AIM OF THE TASK — The reply should hold every line of the data below, unchanged, and none of the pictures.

INFORMATION SUPPLIED —
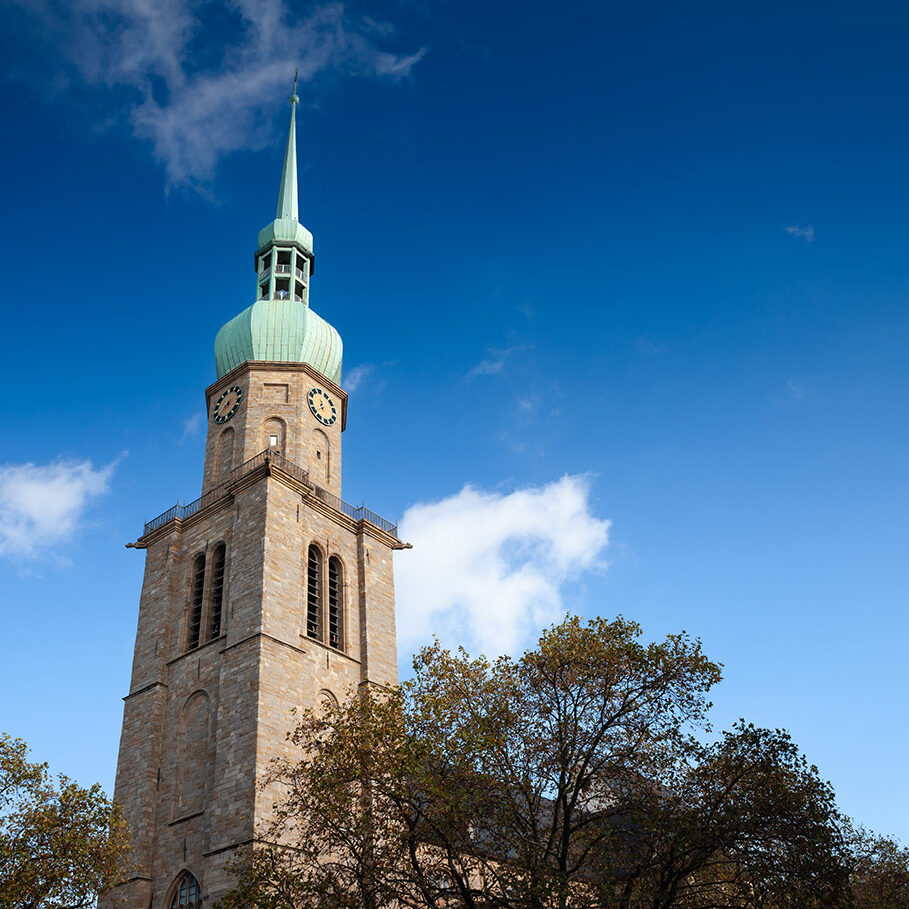 Picture of the chuch of reinoldikirche church in Dortmund, Germany. The Lutheran Protestant Church of St. Reinold is, according to its foundation date, the oldest extant church in Dortmund, Germany; it is dedicated to Reinold, also known as Renaud de Montauban, the patron of the city. The church was built as a palatine church in the Ottonian era. The present building is a late Romanesque church with a late gothic quire. St. Reinold's was built from 1250 to 1270, and is located in the centre of the city, directly at the crossing of the Hellweg (a historic trade route) and the historic road from Cologne to Bremen. St. Reinoldi's congregation is a member of the Evangelical Church of Westphalia, an umbrella comprising Lutheran, Reformed and united Protestant congregations.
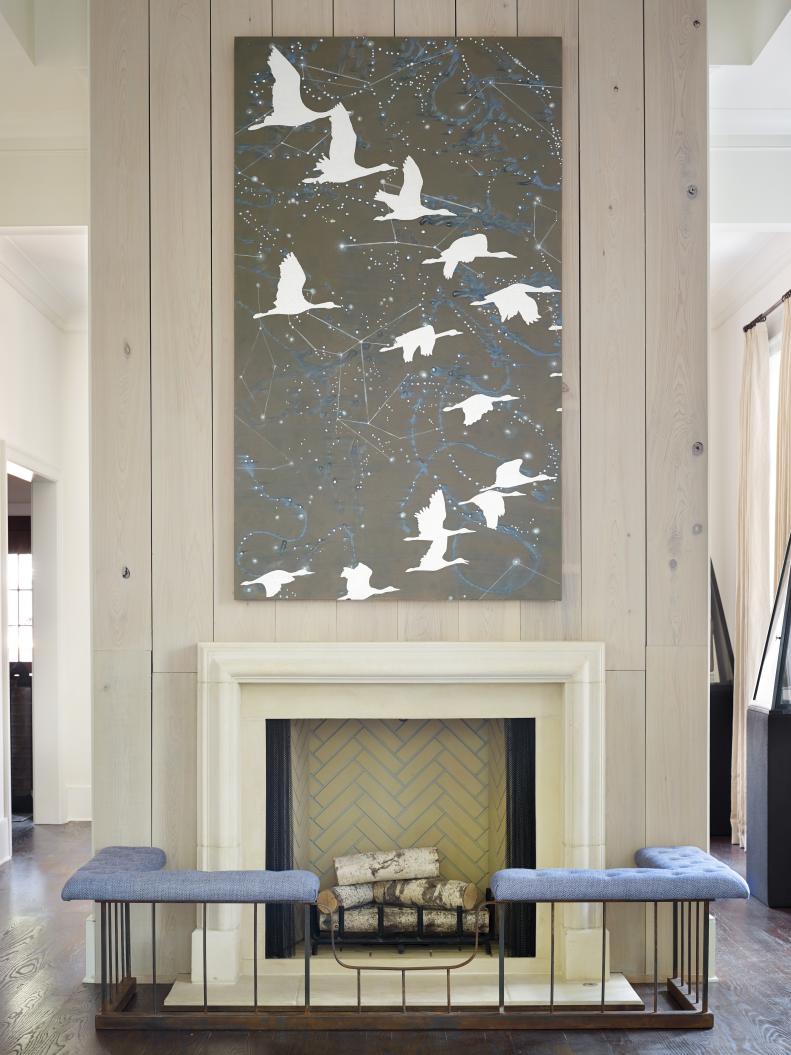 Green Bird Painting Above Fireplace With Brick Backing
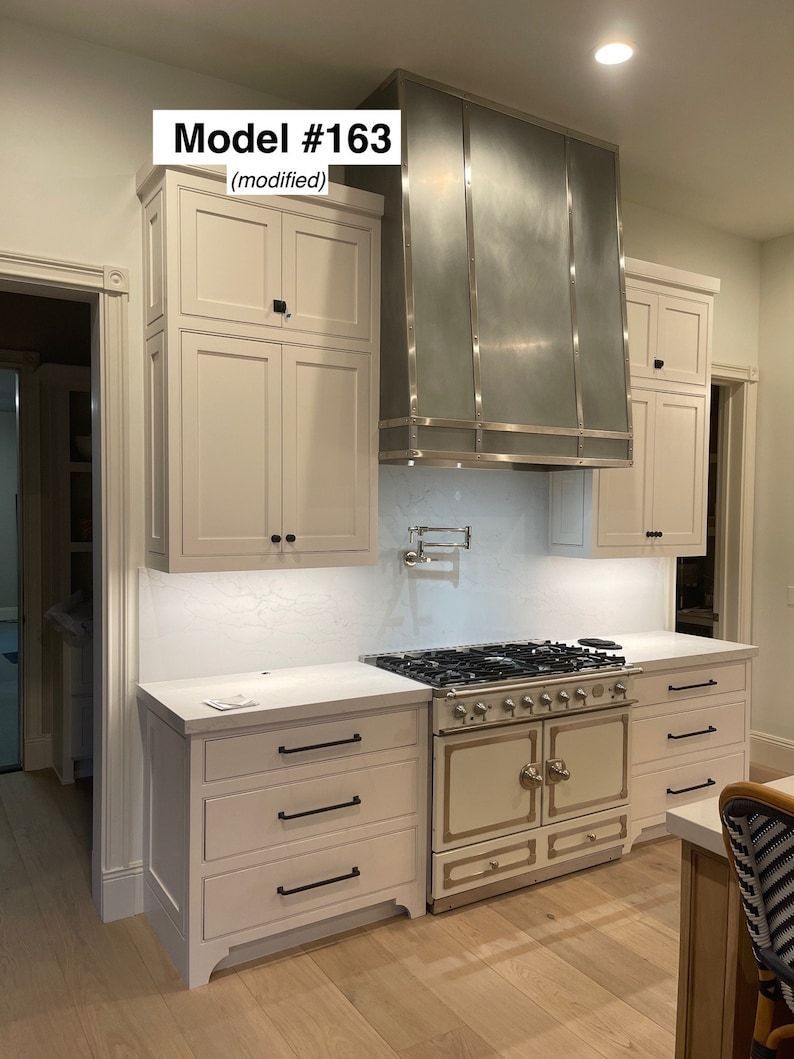Luxury white kitchen with stainless range hood, cream cabinets, and light wood floors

EXERCISE OUTPUT —
 Picture of the chuch of reinoldikirche church in Dortmund, Germany. The Lutheran Protestant Church of St. Reinold is, according to its foundation date, the oldest extant church in Dortmund, Germany; it is dedicated to Reinold, also known as Renaud de Montauban, the patron of the city. The church was built as a palatine church in the Ottonian era. The present building is a late Romanesque church with a late gothic quire. St. Reinold's was built from 1250 to 1270, and is located in the centre of the city, directly at the crossing of the Hellweg (a historic trade route) and the historic road from Cologne to Bremen. St. Reinoldi's congregation is a member of the Evangelical Church of Westphalia, an umbrella comprising Lutheran, Reformed and united Protestant congregations.
 Green Bird Painting Above Fireplace With Brick Backing
Luxury white kitchen with stainless range hood, cream cabinets, and light wood floors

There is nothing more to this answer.